28 août 2020. Le Nouvelliste.
Monsieur le Président,
Le Centre d’analyse et de recherche en droits de l’homme (CARDH) présente ses compliments à la Cour supérieure des comptes et du contentieux administratif (CSCCA), en raison de sa volonté, particulièrement au cours des deux dernières années, de faire son travail de contrôle des recettes et dépenses de l’État (article 200 et suivants de la Constitution), surtout à l’égard de l’opération criminelle amenant à la dilapidation et au vol du fonds PetroCaribe, évalué à plus de 4 milliards de dollars américains, et des soupçons légitimes de corruption durant la période de l’état d’urgence sanitaire, au cours duquel plus de 34 millions de dollars américains ont été dépensés, sans résultats apparent.
Ayant bouclé son travail de monitoring des actions gouvernementales durant l’état d’urgence sanitaire avec la réalisation et la publication le 10 août dernier du quatrième rapport intitulé : « L’état d’urgence sanitaire en Haïti : une opération de corruption, de paupérisation et de violation de droits humains », dont une copie vous est adressée, le CARDH a pu constater que 29 contrats, totalisant 8.844 millions de dollars américains, signés et exécutés durant cette période, ont tous reçu un avis défavorable de la Cour pour violation des normes de passation des marchés publics. En outre, un contrat de 18. 669 millions de dollars américains, conclu avec la firme chinoise Bowang Co.Ltd/ChinaXuXia, dont les fonds ont été décaissés par la Banque de la République d’Haïti (BRH), n’a jamais été préalablement soumis à l’appréciation de la Cour. Ces 30 contrats totalisent 27.514 millions de dollars.

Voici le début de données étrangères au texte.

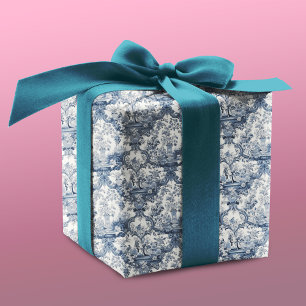 Papier Cadeau Vintage damas à fleurs Bleu toile de jouy monogram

Or, selon l’article 85 de la loi sur la préparation et l’exécution des lois de finance du 4 mai 2016, publiée dans le journal Le Moniteur le 1er février 2017 (Spécial # 5) : « Tous les projets de contrats, accords et conventions à caractères finaciers ou commercial où l’État est partie doivent faire l’objet d’une consultation de la Cour supérieure des comptes et du contentieux administratif avant leur signature ».
S’inscrivant dans ladite loi, les arrêtés du 30 août 2017, publiés les 14 et 15 septembre 2017 (Le Moniteur # 25 et 26), stipulent : « Après la signature du projet de marché par les deux parties, l’autorité contractante le soumet à la Cour supérieure des comptes et du contentieux administratif (CSCCA), accompagné des dossiers d’annexes, pour avis et enregistrement dans sept jours calendaires. » De plus : « Une copie du marché signé et visé par la CSCCA est envoyée par le maître d’ouvrage à la CNMP dans 5 jours calendaires » (Le Moniteur Spécial # 25, manuel de procédures de demande de prix pour acquisition de fournitures, page 14 ).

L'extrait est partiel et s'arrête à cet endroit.